We have to start again with this music, discarding the notion that one needs a ‘listening guide.’
This is a good place to recall Marshall Mcluhan’s admonitions — “We look at the present through a rear-view mirror. We march backwards into the future. … We approach the new with the psychological conditioning and sensory responses of the old.” I believe the biggest obstacle to actually hearing the effects of Babbitt’s music is the inflexible reliance on listening and conceptual habits that are simply not relevant or applicable to these particular environments. Theorizing a listening ‘path through the music’ or combing through complex procedures for the purpose of getting close to the spontaneous workings of ‘the composer’s intent’ (ie ‘choices and contingencies’) reflects a visual/spatial bias that is deeply rooted in 19th century realities; but here I’m just paraphrasing Mcluhan, “Understanding Media,” for example.

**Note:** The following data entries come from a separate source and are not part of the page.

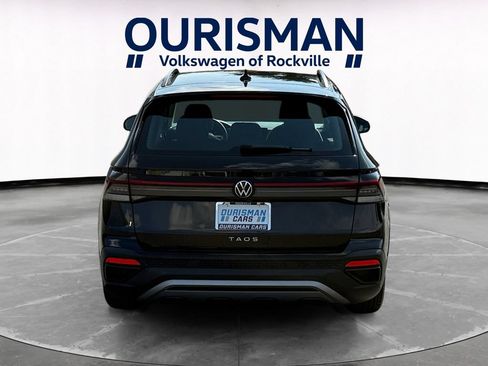 Used 2025 Volkswagen Taos S FWD image 5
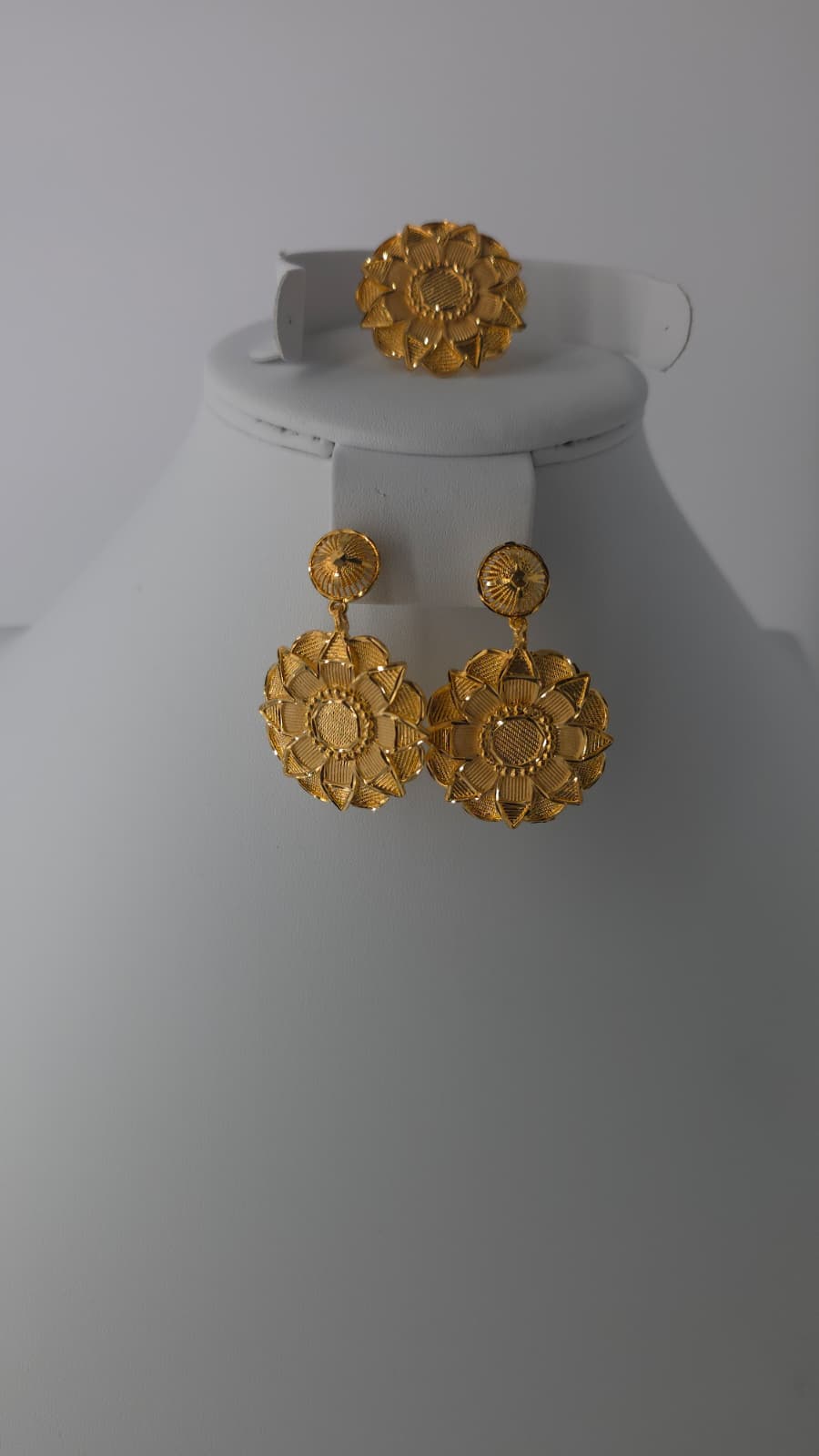2-Piece Gold-Plated Earrings & Ring Set - E27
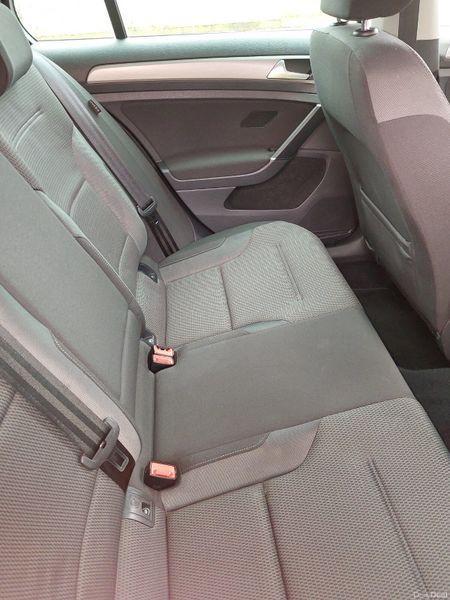 2016 - VW  GOLF- Automatic -Like New 390714609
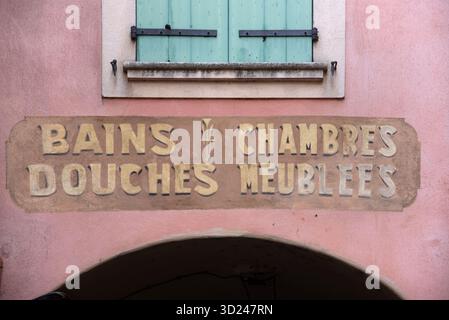 Vintage or Old Painted Wall Advert, Advertisement or Publicity for Former Hotel in the Old Town L'Isle-sur-la-Sorgue Vaucluse Provence France Stock Photo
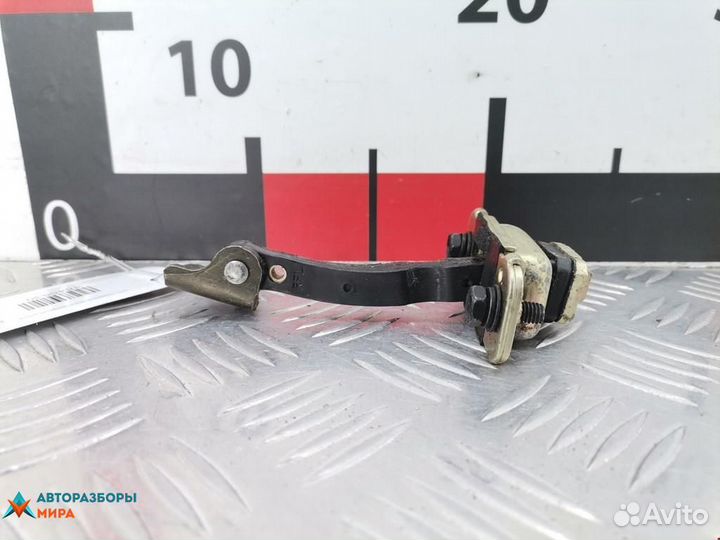 Ограничитель открывания двери Kia Carens 2 2005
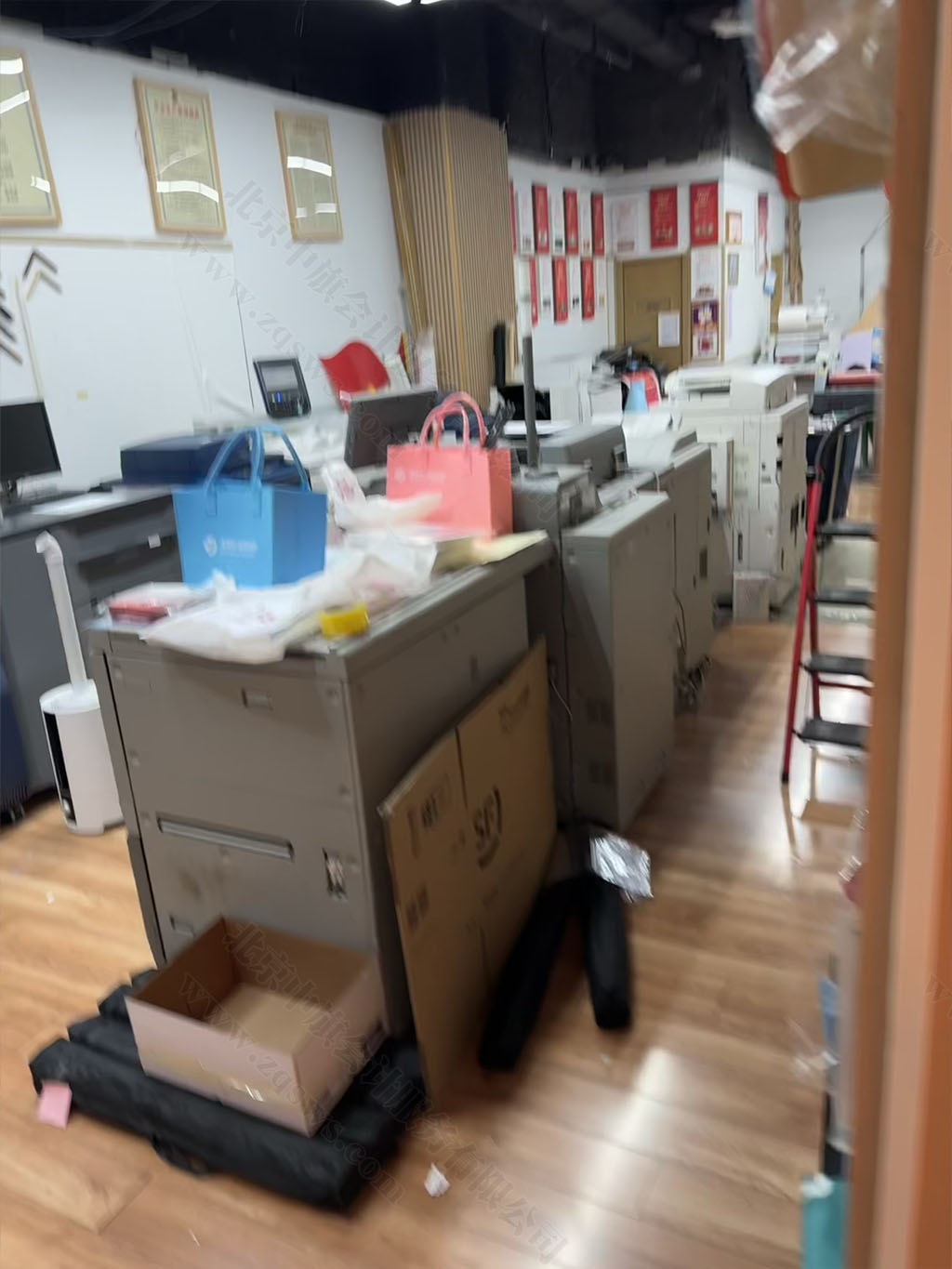 拍照的時(shí)候晃了一下不太清楚，這是復(fù)印設(shè)備了.jpg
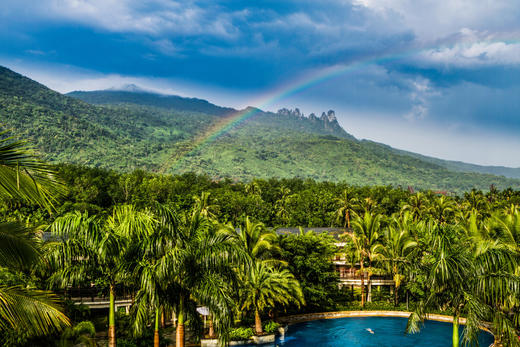 ★周末不加价★￥588起/晚！ 热带绿意环抱【海南七仙岭君澜度假酒店】入住温泉入户，含小鱼温泉、户外野溪温泉、雨林花环手作等多项玩乐！另有雨林别墅房，下午茶/晚餐等可选~有效期至2025年9月20日 商品图0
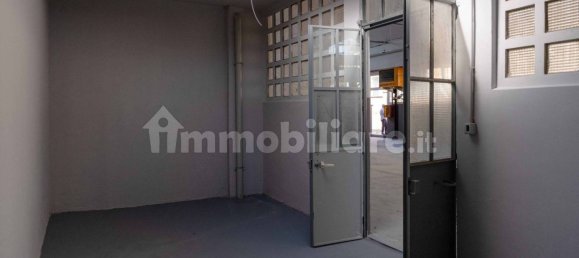 2 rooms Warehouse in Turin, Italy No. 298064 13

On the other hand, it seems to me utterly impossible to hear this music other than exactly as it is meant to be heard. Anyone with a frontal cortex can tell that: the music moves very quickly through a great variety of registral densities, that it is far less productive to try to make linear connections between adjacent material than it is to make peripatetic connections between recurring configurations (whether pitch, rhythm, dynamic, or some combination of these), that there is a great deal of recurrence but whether one is able to hear 10,15, 25%, etc… the lion’s share of these relations will go unnoticed. And if anyone can testify on this last point it’s me, as I have found it necessary to perform large portions of all of the works from memory so as to keep my eyes as much as possible on the keyboard. Even when able to reconstruct large portions of the music in memory, the complexity of interplay and relation is still far beyond what the rational mind can grasp in toto.
The best advice for listening that I have heard comes actually from that Hermetic psychonautical crackpot genius Timothy Leary. ‘Turn off your mind, relax, surf the chaos’ — sensory overload is beautiful, surrender to the ineffable. “Everything we do is neuro-ecology.”